GERÇEKLİĞE BAKIŞIMIZ…
Romanın içinde yazan bir kişi, roman kahramanı olabiliyor. Ya da romanda yaşayanla onu yazan aynı kişi. Karışıklığı sevdiğiniz doğru mu?
Gerçeğin nerede bittiği, kurgunun nerede başladığı, üzerine çokça düşündüğüm bir konu. Hep aynı gerçeklik düzleminde kalmak, katlanılması güç bir düşünce. Romanda da bunu içeren üç katman var: yazarın dünyası, metnin dünyası ve metindeki filmin dünyası. Bu üç katman arasındaki geçişler, gerçekliğe bakışımızı da sorgulamanın bir yolu. Burada iyimserliğimi daha çok kurmacadan yana kullandığımı da söyleyebilirim: çünkü kurmacanın, sıkıcı ve yıpratıcı gerçeklikten bir çeşit intikam alma biçimi olduğuna inanıyorum.
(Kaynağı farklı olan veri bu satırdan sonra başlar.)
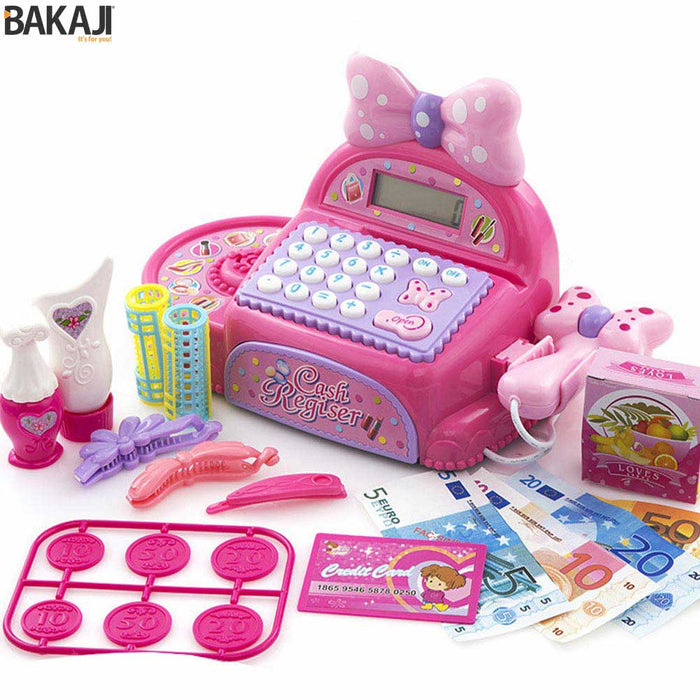 Registratore di Cassa per Bambine con Fiocco Rosa Luci e Suoni Reali con Lettore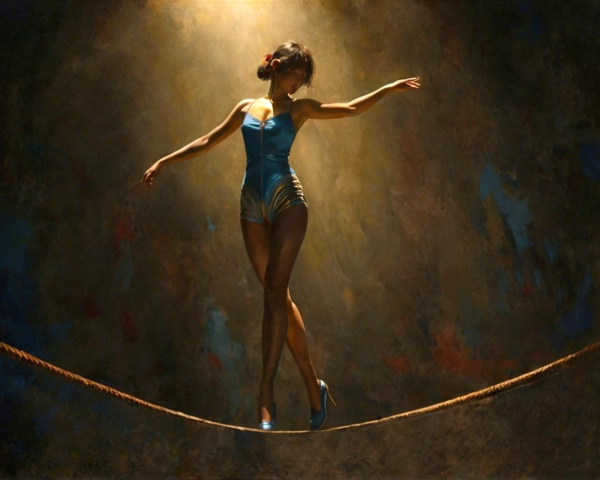 Athletic Woman Balancing on Tightrope in Spotlight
Romanın dili oldukça ilgi çekici. Dilin biçimsel yapısıyla oynamalar var. Bu yolu neden seçtiniz?
Dil, konudan ya da kurgudan bağımsız bir öğe değil: hatta bence metnin köşetaşı. Benim için nasıl anlattığınız, neyi anlattığınız kadar, hatta belki de ondan daha önemli bir olgu. Dilin olağan yaradılışından sapmalar, kurgunun tekdüzeliğini kırmak; yorumlar ve boşluklar oluşturmak için tercih ettiğim bir yöntem. Çünkü hayatta her şeyi anlamlandırmak, tekil anlam üzerinde yaşamak mümkün değil. Ben, boşluğun da anlama dâhil olduğunu düşünüyorum.
İz bırakan isimler
Türk ve dünya edebiyatından hangi isimlerin sizde izler bıraktığını söyleyebilirsiniz?
Ölümsüz Hüzünler Kitabı’nda; Saatleri Ayarlama Enstitüsü, Korkuyu Beklerken, Kara Kitap, Dava, Fındık Sekiz, Aylak Adam, Görünmez Kentler gibi kitaplardan metinlerarası geçişler; Eco, Thomas Bernhard, Proust, Cioran, Borges gibi yazarlara atıflar olması, bu sorunun kısmî bir cevabı olmalı.